At present, Sebi rules require a MF scheme to have a minimum of 20 investors, with a single investor not owning more than 25% of assets. The rule popularly known as 20-25 rule in MF industry circles is applicable only at the scheme level and not at the plan or sub-plan levels. Typically, a scheme offers different plans that promise faster growth, higher dividends and bonuses. The 20-25 rule is unique to India.
The trigger for the proposed changes is the last years events that saw the mutual fund industry being rocked by sudden withdrawals by large institutional investors, especially in debt schemes, due to a liquidity crunch. Sebi is keen to ensure that redemptions by a few investors do not destabilise the schemes and create a run on the fund, impacting retail investors for whom MFs were designed. Industry officials say corporates own more than 50% of the total assets under management of MFs.
Action of some investors should not be allowed to hurt the interest of other investors who stay invested in a scheme, said a person familiar with the thinking at the regulatory body. Sebi officials feel that last years events could be repeated in the future. Hence, the existing rules need to be modified to address the systemic imbalance in the structure.
Fund managers come under pressure when large unitholders suddenly press the exit button, as they have to sell a sizable part of their portfolio on short notice. In some cases, they sell some of their prized assets at a discount, hurting genuine investors. According to Sebi, such happenings can upset even the best fund management strategies.
A top fund manager said some fund houses have been getting around the 20-25 rule and have been accommodating corporates to boost their corpus. The deal is designed in such a fashion where a corporate routes its money through different investment companies. Greater transparency in terms of disclosures with regard to third-party funds and group firms investment would help investors at large, he said, requesting anonymity.

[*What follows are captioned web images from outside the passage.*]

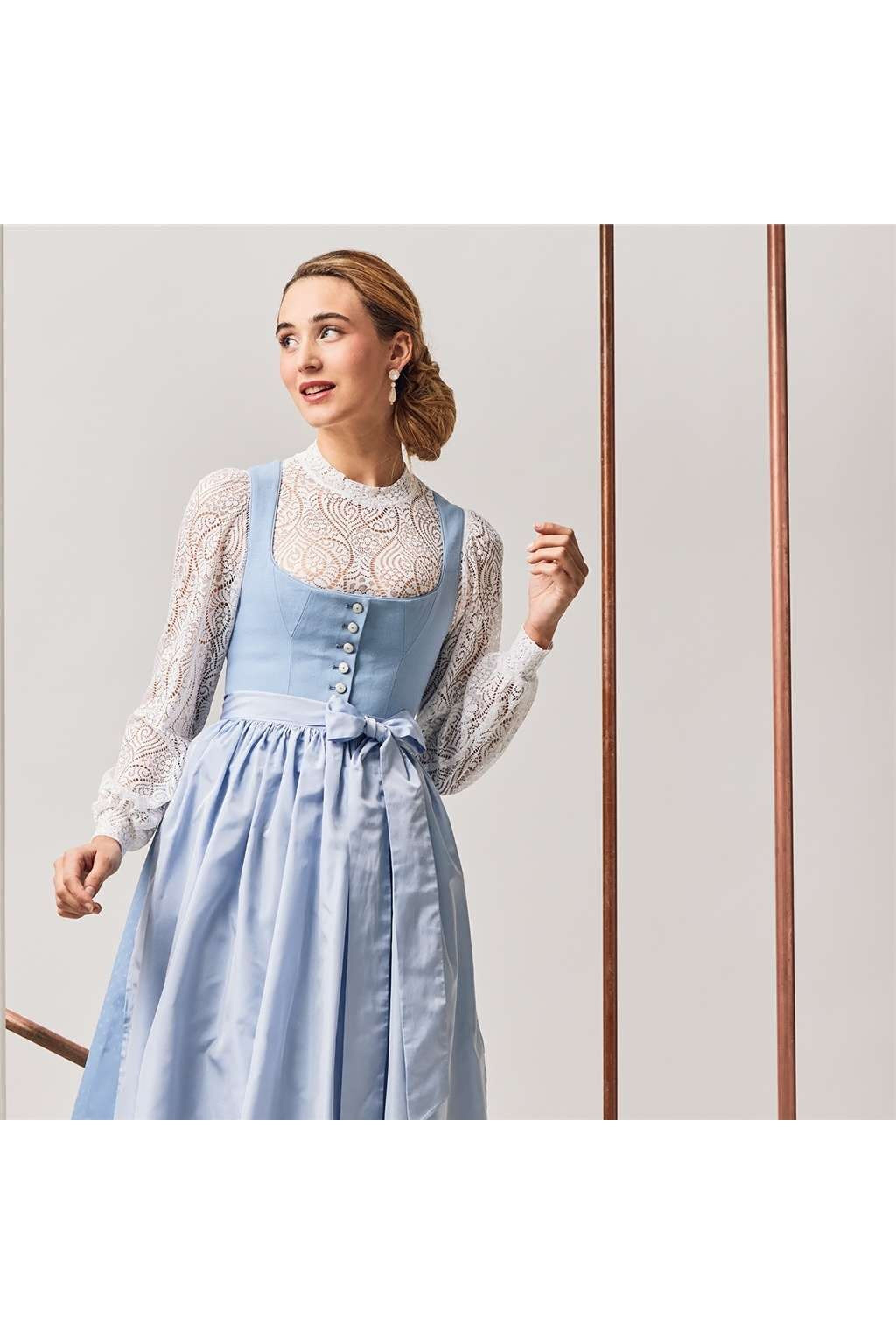 Dirndlbluse DAHLIA Langarm - 04/weiß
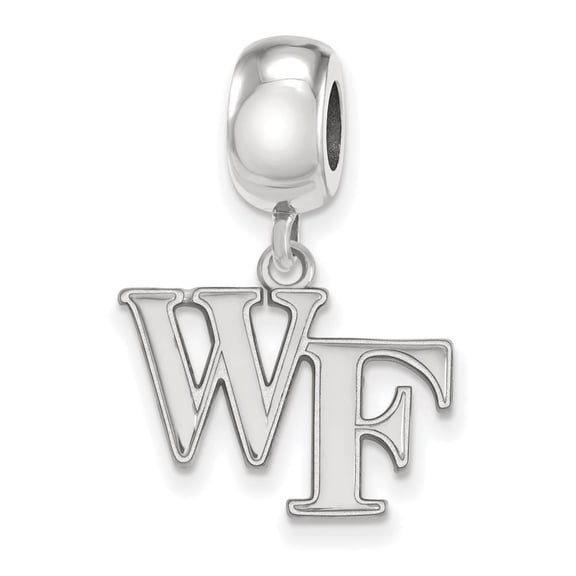 Sterling Silver Wake Forest University 'WF' Dangle Bead Charm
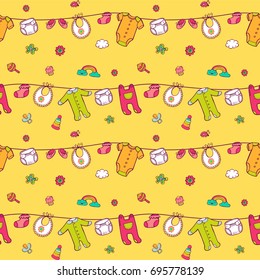 Seamless pattern with cute baby clothes on yellow background. The good choice for children accessories, fabric and other. Vector illustration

There should be periodic disclosures on investors and holding patterns. Fund houses must disclose to the public the total number of investors and also details about investors holding more than 5% in a fund, he said. This is the second time that Sebi is revisiting the rules. In 2003, Sebi had framed the 20-25 guidelines both at the scheme and plan levels.
However, the regulator faced opposition from fund houses, with their industry body AMFI requesting the regulator to implement the rule only at the scheme level. The 2008 events have now forced Sebi to cover the loopholes in the system. Last years developments had prompted RBI to open a special facility to banks to onlend to cash-strapped fund houses to meet the redemption needs. On its part, Sebi mandated the listing of close-ended schemes.